FIG. 5 relates to the case where two speakers L1 and L2 may simultaneously send voice messages at the same location. To separate two speakers, or, more generally, two signal sources, it is necessary to utilize two sensors which receive each different mixed signals Ea and Eb which are linked with the position of the speakers relative to the microphones. The mixed signals are formed by the same signals, only the mixtures are different. The same operating principles as those developed in the case of FIG. 1 are implemented. In the case where the interference signals are processed as non-mixed interference signals, the processing means SEPAR 10 thus have two channels, each one comprising the means described with respect to FIG. 2. None the less, it is necessary to connect to the output, two-input-source-separation means for separating the two speakers in accordance with the diagram shown in FIG. 3 reduced to two inputs. In the case where the interference signals are processed as mixed interference signals, the processing means SEPAR 10 are thus formed in accordance with the diagram of FIG. 3 to which is added an additional channel for processing the mixed signal Eb by an adaptation of the diagram for processing the four input signals based on the same principle.

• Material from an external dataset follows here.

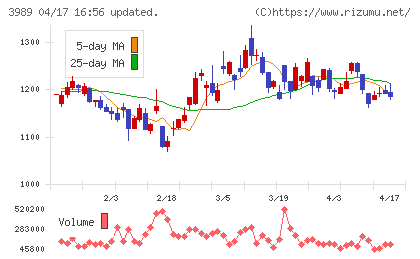 シェアリングテクノロジーチャート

FIG. 6 relates to the case of an adapted processing system for processing signals exchanged in a teleconference over two-way channels 1, 2. A transmitting station ST1 transmits stereophonic signals ILa and ILb to two loudspeakers LS2a and LS2b of a receiving station ST2. The estimated signals of a station become the correlated electric signals which generate interference for the other station. Evidently, either station is alternately the transmitter and the receiver. In the transmitting station, a speaker L2 utters a message. For transmitting a stereophonic message to the other station it is necessary to have two microphones. The microphones M2a and M2b capture the message of the speaker as well as the sound broadcast by the loudspeakers. If there were no processing, the sound coming from the loudspeakers would continuously circulate between the two stations causing phenomena of echoes to occur which are very annoying for understanding the speakers.

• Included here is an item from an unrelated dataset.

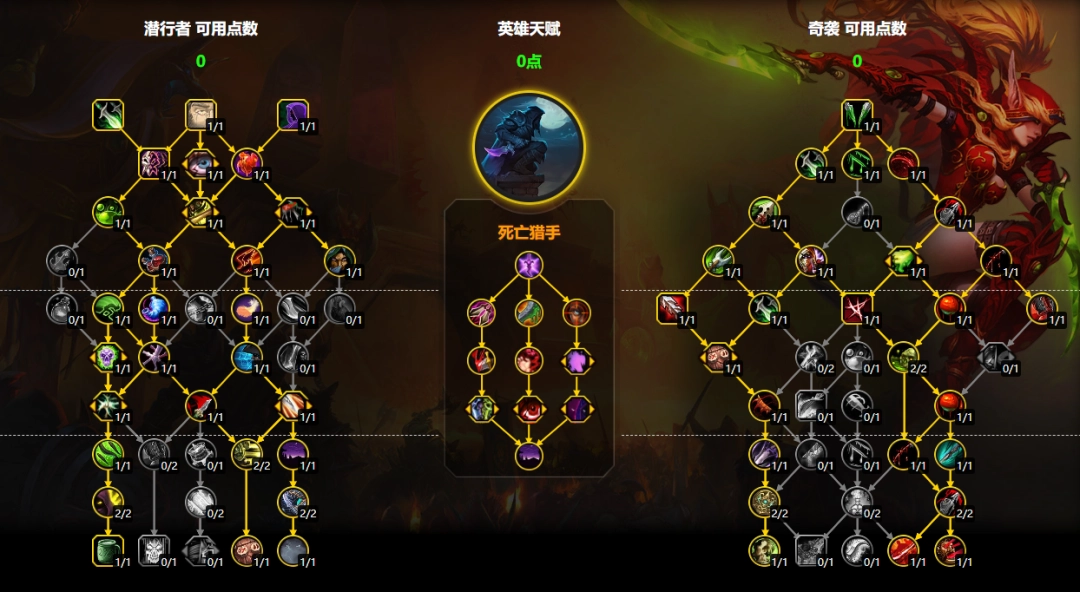 魔兽世界11.2奇袭贼大米天赋加点一览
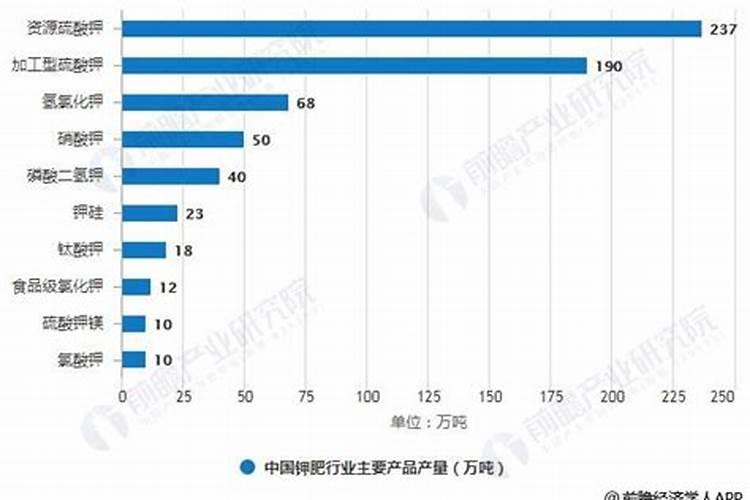 玉米上面的穗叫什么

To solve the stereophonic signal problem that has not been solved so far, processing means SEPAR1, and SEPAR2 which decorrelate the estimated signals relative to the stereophonic signals arriving from the loudspeakers, are arranged in each station. A microphone, for example M1a will be capable of receiving the message XLa coming from the speaker as well as the interference signals Paa and Pba coming from the respective loudspeakers LS1a and LS1b. The microphone will then apply a mixed signal to the processing means SEPAR1. The two correlated electric signals which arrive at the loudspeakers are tapped before the loudspeakers and are fed to the separation means SEPAR1. An estimate of the speaker's message is made for each microphone by the processing means in the same manner as described previously with respect to one mixed input signal and two interference signals. For two microphones, the means of FIG. 2 or FIG. 3 are doubled. Each station can thus isolate two estimates which are transmitted without echoes to the other station along the transmission channels 1 and 2.
That which has been developed previously relates to the production of a correct estimate of the speaker's message. This message may itself contain multiple information signals which have to be decoded. The situation is represented in the FIGS. 1 and 5 in the case where, for example, a system is present in an automobile. Therefore, the estimate IL is decoded in converter means VOCCD which decode controls contained in the speaker's message. A message may contain various controls CL, CJ, CK intended to act on various pieces of equipment of the system or on parts of the vehicle. More particularly, the control CL may request to control in return the equipment that produces the stereophonic signals. This may be, for example, a request by the speaker to lower the sound volume of the car radio that produces the stereophonic signals.
Another control CJ may call for varying another sound source SJ which forms part of the system, SJ being subjected to a similar processing.
Another control CK may relate not to a sound signal source, but to the vehicle itself, for example, to driving an actuator SK to set the windshield wipers into operation.